I will say very little as to not give away any bit of the movie. All I have to say is that it was one of the better movies I have EVER seen. I am interested in hearing from any firefighters out there what their opinion was of the movie. 

I was highly impressed. Anybody else?


----------



## Phil T (Mar 25, 2002)

Agreed - It is a very good movie and there are not many dry eyes leaving the theater.

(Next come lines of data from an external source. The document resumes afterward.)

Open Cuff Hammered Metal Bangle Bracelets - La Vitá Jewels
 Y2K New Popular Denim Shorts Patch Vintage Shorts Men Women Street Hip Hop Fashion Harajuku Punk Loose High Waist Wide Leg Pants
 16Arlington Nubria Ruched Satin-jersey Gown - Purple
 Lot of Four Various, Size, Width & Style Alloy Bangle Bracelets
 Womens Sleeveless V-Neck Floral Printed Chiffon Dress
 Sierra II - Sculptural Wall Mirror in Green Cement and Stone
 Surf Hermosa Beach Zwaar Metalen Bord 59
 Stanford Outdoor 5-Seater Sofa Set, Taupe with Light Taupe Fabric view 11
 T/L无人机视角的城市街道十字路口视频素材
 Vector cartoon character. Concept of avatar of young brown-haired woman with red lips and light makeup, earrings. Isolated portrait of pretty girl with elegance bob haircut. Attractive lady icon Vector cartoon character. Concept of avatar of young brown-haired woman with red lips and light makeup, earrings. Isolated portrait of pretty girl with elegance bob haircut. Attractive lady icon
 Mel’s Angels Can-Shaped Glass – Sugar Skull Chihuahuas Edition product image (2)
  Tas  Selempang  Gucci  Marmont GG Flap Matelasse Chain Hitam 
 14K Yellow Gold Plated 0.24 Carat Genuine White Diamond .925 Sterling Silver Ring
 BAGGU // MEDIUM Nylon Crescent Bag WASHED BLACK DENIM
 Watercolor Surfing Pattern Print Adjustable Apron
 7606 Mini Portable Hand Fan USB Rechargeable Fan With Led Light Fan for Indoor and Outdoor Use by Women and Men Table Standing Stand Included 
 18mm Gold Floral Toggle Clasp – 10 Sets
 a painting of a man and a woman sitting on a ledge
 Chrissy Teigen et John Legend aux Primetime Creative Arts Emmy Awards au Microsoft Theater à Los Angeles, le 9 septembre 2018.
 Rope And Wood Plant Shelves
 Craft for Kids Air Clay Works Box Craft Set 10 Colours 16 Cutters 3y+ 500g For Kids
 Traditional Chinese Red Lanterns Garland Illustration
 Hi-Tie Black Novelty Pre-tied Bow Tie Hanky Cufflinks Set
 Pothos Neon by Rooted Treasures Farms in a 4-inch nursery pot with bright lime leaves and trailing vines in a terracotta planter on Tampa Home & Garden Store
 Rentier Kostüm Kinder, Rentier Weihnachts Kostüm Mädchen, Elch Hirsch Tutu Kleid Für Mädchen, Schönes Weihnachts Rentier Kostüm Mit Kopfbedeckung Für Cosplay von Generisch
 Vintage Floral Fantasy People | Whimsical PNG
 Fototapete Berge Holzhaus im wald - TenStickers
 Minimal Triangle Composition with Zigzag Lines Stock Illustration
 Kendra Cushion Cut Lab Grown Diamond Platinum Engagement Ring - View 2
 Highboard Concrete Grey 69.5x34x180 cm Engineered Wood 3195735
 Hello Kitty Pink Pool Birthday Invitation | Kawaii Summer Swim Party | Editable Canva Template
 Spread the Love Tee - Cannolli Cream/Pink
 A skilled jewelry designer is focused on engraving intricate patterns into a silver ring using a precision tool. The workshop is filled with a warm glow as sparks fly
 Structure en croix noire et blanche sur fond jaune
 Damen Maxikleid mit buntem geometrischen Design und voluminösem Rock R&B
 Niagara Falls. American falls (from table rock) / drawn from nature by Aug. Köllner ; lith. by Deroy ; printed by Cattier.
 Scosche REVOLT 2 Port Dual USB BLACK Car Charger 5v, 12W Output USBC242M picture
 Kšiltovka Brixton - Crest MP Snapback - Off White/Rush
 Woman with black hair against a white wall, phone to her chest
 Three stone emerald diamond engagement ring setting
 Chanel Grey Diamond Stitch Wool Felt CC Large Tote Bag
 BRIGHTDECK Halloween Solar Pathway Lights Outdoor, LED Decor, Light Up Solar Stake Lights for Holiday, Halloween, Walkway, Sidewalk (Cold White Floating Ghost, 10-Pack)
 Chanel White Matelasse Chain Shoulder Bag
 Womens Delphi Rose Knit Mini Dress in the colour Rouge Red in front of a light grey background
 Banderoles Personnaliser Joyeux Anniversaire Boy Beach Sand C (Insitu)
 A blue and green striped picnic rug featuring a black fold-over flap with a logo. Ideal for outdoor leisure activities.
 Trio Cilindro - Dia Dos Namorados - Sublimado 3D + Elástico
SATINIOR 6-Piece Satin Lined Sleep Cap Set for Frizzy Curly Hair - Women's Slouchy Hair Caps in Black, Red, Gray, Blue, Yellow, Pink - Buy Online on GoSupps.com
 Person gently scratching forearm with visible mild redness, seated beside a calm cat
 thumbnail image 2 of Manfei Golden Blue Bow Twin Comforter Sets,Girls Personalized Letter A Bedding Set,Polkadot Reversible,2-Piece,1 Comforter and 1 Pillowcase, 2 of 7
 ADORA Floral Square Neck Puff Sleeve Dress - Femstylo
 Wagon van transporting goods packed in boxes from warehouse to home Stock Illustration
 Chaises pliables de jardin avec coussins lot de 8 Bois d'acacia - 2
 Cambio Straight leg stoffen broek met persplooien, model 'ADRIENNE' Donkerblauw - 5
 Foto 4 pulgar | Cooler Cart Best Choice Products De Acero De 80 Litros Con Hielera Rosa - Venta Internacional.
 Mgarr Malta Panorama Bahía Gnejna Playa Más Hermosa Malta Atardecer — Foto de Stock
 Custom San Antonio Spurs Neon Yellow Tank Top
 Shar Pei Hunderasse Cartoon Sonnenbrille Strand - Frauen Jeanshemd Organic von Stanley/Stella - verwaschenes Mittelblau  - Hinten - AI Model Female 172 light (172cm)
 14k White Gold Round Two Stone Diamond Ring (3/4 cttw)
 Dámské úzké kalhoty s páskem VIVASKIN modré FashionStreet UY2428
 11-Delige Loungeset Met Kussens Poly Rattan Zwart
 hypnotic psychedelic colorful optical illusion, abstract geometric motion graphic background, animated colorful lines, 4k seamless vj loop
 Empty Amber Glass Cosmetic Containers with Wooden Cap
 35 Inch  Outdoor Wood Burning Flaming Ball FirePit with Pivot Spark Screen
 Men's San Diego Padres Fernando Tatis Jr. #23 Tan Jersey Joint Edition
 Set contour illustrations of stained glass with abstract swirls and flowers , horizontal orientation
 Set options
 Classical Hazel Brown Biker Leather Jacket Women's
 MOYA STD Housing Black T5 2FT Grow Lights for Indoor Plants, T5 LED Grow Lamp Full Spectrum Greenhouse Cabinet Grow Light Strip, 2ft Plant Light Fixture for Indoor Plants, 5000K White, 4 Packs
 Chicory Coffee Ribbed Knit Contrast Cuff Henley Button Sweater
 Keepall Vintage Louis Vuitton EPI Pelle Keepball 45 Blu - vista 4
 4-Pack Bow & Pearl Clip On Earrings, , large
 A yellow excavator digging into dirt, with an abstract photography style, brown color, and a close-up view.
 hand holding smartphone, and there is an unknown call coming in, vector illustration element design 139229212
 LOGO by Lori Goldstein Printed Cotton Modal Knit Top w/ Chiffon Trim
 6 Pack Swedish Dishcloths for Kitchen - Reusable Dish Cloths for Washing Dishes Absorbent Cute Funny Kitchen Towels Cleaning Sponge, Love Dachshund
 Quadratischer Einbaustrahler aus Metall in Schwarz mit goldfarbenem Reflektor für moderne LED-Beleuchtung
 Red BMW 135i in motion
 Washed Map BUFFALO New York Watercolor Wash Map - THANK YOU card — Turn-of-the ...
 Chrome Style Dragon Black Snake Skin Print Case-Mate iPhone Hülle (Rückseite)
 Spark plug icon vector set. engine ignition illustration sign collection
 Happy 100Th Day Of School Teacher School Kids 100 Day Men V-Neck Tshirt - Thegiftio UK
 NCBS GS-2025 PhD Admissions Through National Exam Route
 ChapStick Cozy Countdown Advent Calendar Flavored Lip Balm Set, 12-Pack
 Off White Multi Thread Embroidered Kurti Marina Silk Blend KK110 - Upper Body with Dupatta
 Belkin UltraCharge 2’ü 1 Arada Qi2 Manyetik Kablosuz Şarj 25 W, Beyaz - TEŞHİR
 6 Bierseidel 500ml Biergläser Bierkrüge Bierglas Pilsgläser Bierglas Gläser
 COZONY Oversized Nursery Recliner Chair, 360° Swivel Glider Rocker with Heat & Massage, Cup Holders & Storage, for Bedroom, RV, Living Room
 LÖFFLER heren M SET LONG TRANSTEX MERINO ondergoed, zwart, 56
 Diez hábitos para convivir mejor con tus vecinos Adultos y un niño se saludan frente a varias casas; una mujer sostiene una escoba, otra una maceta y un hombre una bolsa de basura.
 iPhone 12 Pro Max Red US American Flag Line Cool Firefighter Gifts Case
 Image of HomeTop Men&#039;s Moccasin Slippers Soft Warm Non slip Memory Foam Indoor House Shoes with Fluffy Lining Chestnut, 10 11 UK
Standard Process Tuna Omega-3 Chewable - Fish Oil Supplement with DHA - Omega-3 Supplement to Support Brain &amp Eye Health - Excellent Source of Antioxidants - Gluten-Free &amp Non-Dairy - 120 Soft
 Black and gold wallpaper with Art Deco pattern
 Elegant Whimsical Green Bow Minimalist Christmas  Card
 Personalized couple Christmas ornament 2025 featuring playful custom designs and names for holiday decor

By the way, if you have any teenagers, a job at a movie theater is a great first job. Especially when parents (like me) get free movie passes when ever they want.


----------



## Adam Richey (Mar 25, 2002)

I saw Ladder 49 with my mom and stepdad. Those who liked Backdraft will LOVE this movie, and I think it's better than Backdraft. VERY powerful and offers action and emotion for the girls too. Some good jokes too.


----------



## SimpleSimon (Jan 15, 2004)

I haven't seen Ladder 49, but from a firefighter's technical perspective, Backdraft was horrible. That being said, Backdraft was a good movie, and the fire effects were exceptional.


----------



## Geronimo (Mar 23, 2002)

I was waiting to go until a firefighter friend could go. But he and his friends could not wait. I don't blame him really.


----------



## JM Anthony (Nov 16, 2003)

Mike,

Thanks for the heads up on this flick. Travolta was on the Oprah show a few weeks back and they showed some clips, but then the initial reviews I saw really panned it. Now I think I'll check it out. If it turns out to be a stinker, I'll conclude your judgment in movies is no better than your judgment in politics. :lol:


----------



## SAEMike (May 29, 2004)

JM Anthony said:


> Mike,
> 
> Thanks for the heads up on this flick. Travolta was on the Oprah show a few weeks back and they showed some clips, but then the initial reviews I saw really panned it. Now I think I'll check it out. If it turns out to be a stinker, I'll conclude your judgment in movies is no better than your judgment in politics. :lol:


So have you seen it? I'm curious to hear what you thought of it!

Mike


----------